It is obvious that Jem wants to follow in Atticus's footsteps when he is older, already considering a career in law, although when Atticus cons Jem into divulging the truth about the Radley Game,
Jem yelled after him: "I thought I wanted to be a lawyer but I ain't so sure now!"
Atticus is eventually able to convince Jem that Boo deserves his privacy, and through Atticus's guidance--mostly by his refusal to discuss Boo's private life--Jem eventually sees for himself that Boo is a friend and not someone to be feared. When Atticus shocks Jem by taking down the rabid dog with a single shot between the eyes, Jem wonders why Atticus has never bragged about this skill before. But after Miss Maudie explains that it is just a part of Atticus's humble and peaceful nature, Jem understands that
"Atticus is a gentleman, just like me!"
Jem goes from hating Mrs.

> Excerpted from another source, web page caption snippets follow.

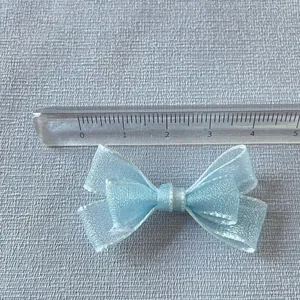 Close-up of a 5cm light blue shimmer silk ribbon bow for crafts and doll clothes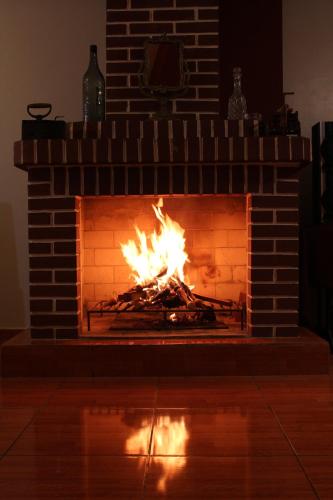 a brick fireplace with a fire in it at Kame House hostel in Huaraz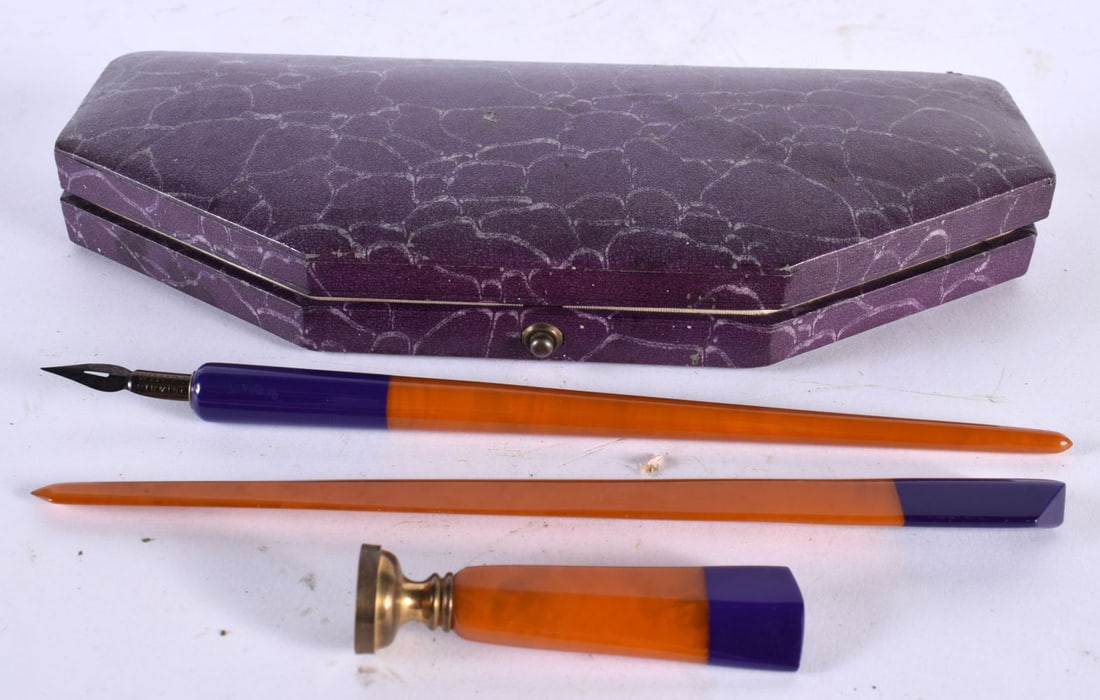 A RARE EARLY 20TH CENTURY TWO TONE CATALIN AMBER BAKELITE DESK SET comprising of pen, letter opener (1 of 3)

Dubose to lamenting her death, thanks to Atticus's frank discussion about her drug addiction and unique form of bravery. After the jury's guilty verdict in the Tom Robinson trial, Jem is once again scornful about juries and the law, but Atticus convinces him that "nothing in your life has interfered with your reasoning process." Miss Maudie explains to Jem how Atticus was "born to do our unpleasant jobs for us," and that he has much support in Maycomb, something that Jem found lacking in the community. Jem's final acts in the novel show that he is not unlike Atticus. When his father is too tired to escort Scout to the Halloween pageant, Atticus assigns Jem to take Scout, even though
... he said he wouldn't be caught anywhere near the high school at something like that.
Yet Jem agrees to walk Scout to the school without complaint, and when Bob Ewell attacks his sister, Jem reacts just as Atticus would have done: protecting Scout at the risk of his own life.